Going in to this cycle, I actually have never done any in-hospital volunteering (0 hours); instead, I found my interest in non-clinical volunteering. Goes to show that you don't "need" hospital volunteering to get into med school.

To familiarize myself with the hospital setting, I shadowed a few doctors. My advice would be to go for multiple physicians in different fields and 1-2 days max with each, rather than doing a long-term thing with just 1 doctor. There is only so much you can learn from each physician at the pre-med stage, and it's better to get a wide spectrum of experiences.

If you like hospital volunteer work, you should keep at it. But if the hospital is simply giving you grunt work that you don't find rewarding, having that extra line on your app that says you did XYZ hours in a hospital isn't going to hurt or help you too much.
 
Going in to this cycle, I actually have never done any in-hospital volunteering (0 hours); instead, I found my interest in non-clinical volunteering. Goes to show that you don't "need" hospital volunteering to get into med school.

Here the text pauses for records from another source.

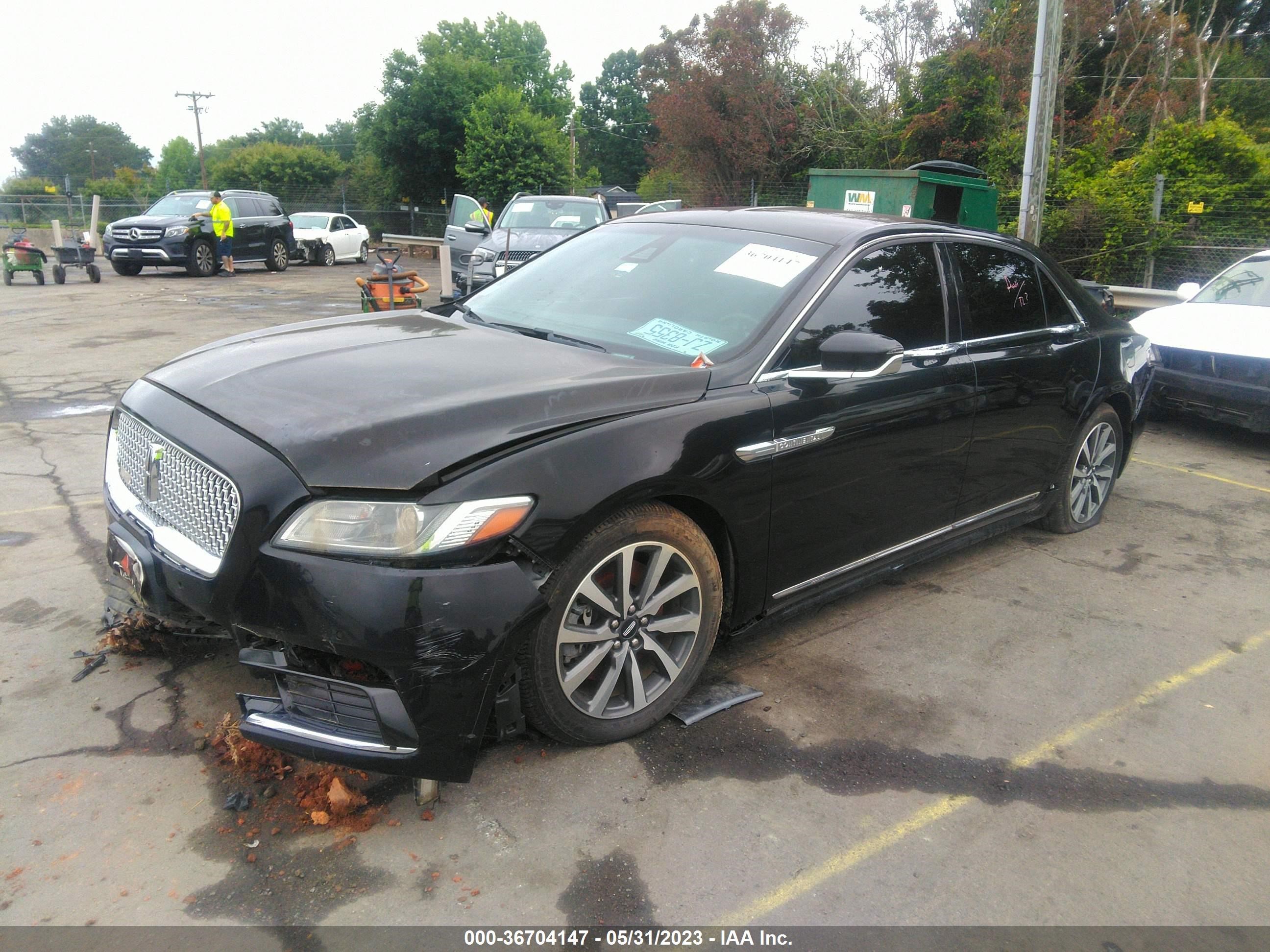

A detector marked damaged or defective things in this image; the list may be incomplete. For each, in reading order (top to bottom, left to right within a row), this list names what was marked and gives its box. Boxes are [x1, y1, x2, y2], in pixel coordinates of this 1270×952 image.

damaged front bumper [105, 381, 551, 782]
cracked pavement [2, 259, 1270, 934]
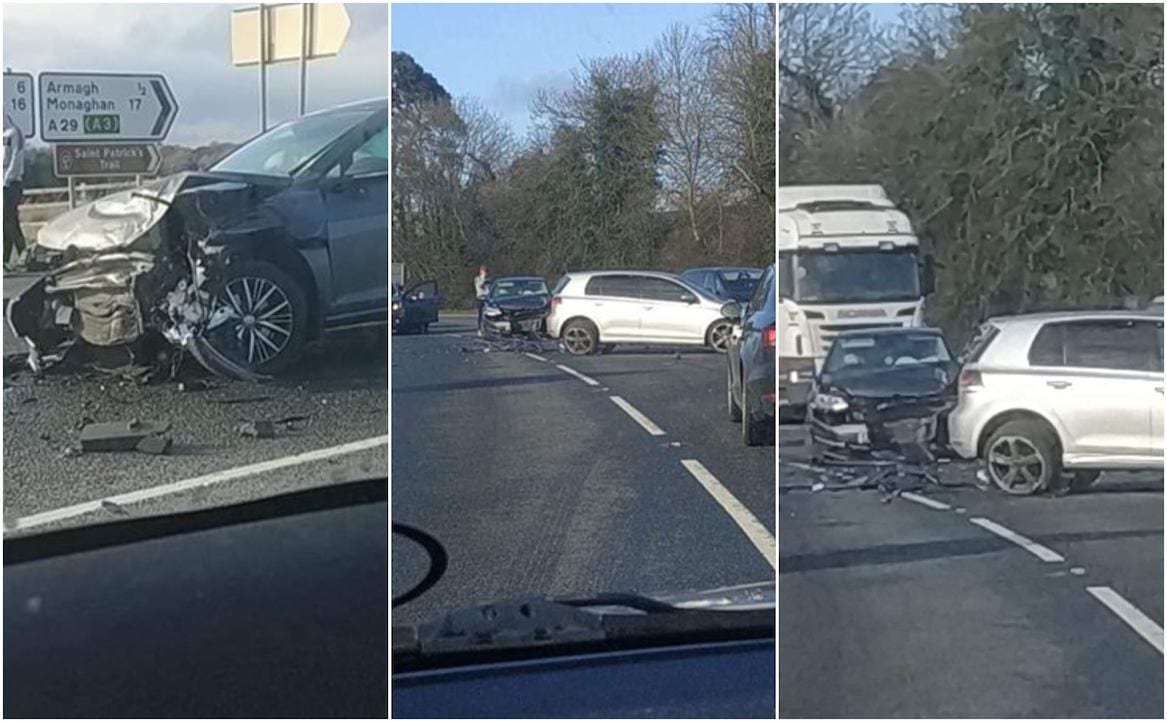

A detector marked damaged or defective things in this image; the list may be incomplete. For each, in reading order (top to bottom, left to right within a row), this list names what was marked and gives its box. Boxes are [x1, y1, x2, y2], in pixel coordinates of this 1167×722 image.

crashed dark sedan [6, 98, 390, 380]
damaged white hatchback [6, 98, 390, 380]
damaged car wheel [194, 262, 310, 380]
crashed dark sedan [484, 276, 556, 338]
crashed dark sedan [808, 328, 964, 458]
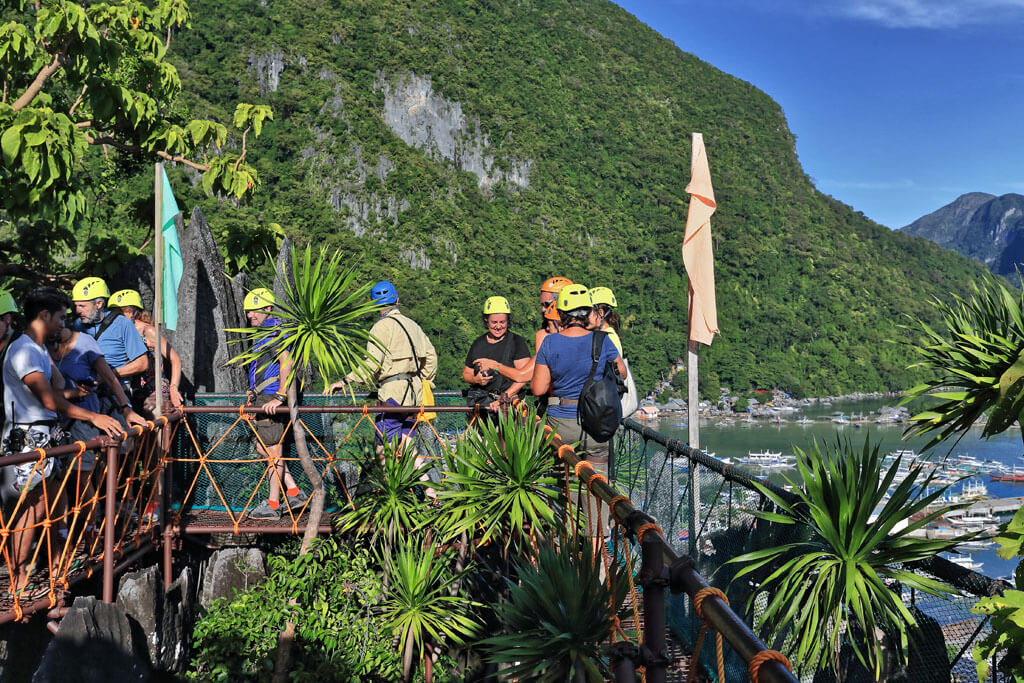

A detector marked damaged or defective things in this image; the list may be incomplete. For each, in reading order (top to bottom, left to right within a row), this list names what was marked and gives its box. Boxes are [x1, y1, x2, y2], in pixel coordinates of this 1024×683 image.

rusty metal pipe railing [548, 428, 794, 683]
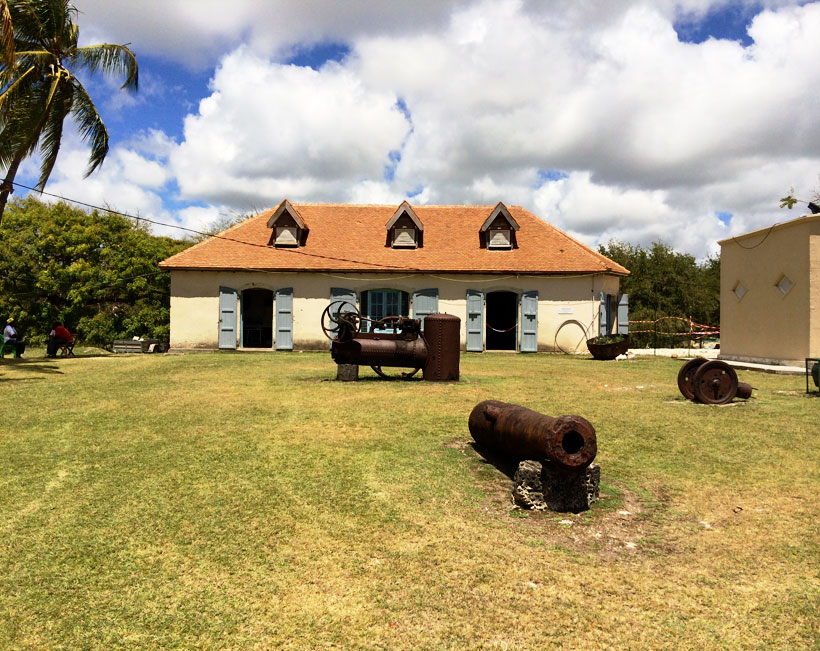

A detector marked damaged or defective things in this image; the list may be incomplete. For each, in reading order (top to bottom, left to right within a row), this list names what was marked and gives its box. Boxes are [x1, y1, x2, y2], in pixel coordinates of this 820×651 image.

rusty machinery [320, 302, 462, 382]
rusty cannon [322, 300, 462, 382]
rusty metal wheel [372, 364, 422, 380]
rusty cylinder tank [422, 314, 462, 382]
rusty metal wheel [680, 360, 712, 400]
rusty machinery [676, 360, 752, 404]
rusty metal wheel [692, 360, 736, 404]
rusty cannon [676, 360, 752, 404]
rusty cylinder tank [468, 400, 596, 472]
rusty machinery [468, 400, 596, 472]
rusty cannon [468, 400, 596, 472]
rusty cannon [470, 398, 600, 516]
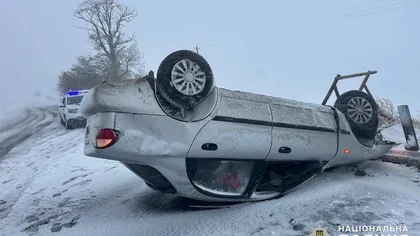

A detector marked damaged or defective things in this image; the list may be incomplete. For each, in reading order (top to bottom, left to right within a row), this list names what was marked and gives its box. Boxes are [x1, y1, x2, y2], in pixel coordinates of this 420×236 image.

overturned silver car [79, 49, 414, 201]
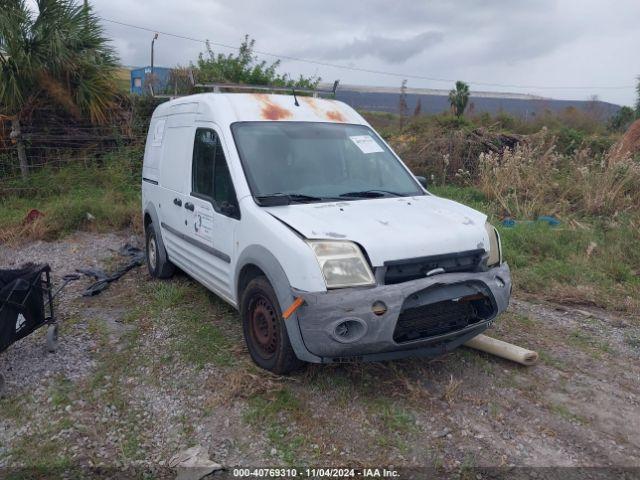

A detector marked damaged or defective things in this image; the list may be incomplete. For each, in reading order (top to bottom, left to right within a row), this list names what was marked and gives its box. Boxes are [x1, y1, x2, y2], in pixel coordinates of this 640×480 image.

rust stain on roof [255, 93, 296, 120]
damaged front bumper [292, 262, 512, 364]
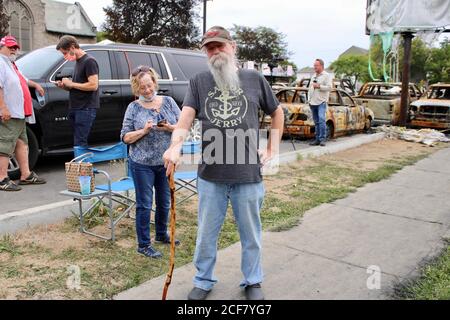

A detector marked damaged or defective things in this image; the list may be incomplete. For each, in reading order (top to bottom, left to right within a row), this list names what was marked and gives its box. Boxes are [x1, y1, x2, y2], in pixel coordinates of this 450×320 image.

To familiarize myself with the hospital setting, I shadowed a few doctors. My advice would be to go for multiple physicians in different fields and 1-2 days max with each, rather than doing a long-term thing with just 1 doctor. There is only so much you can learn from each physician at the pre-med stage, and it's better to get a wide spectrum of experiences.

If you like hospital volunteer work, you should keep at it. But if the hospital is simply giving you grunt work that you don't find rewarding, having that extra line on your app that says you did XYZ hours in a hospital isn't going to hurt or help you too much.

Yeah, well I'm sure going to Harvard undergrad and scoring a 41 on the MCAT didn't hurt either. ;)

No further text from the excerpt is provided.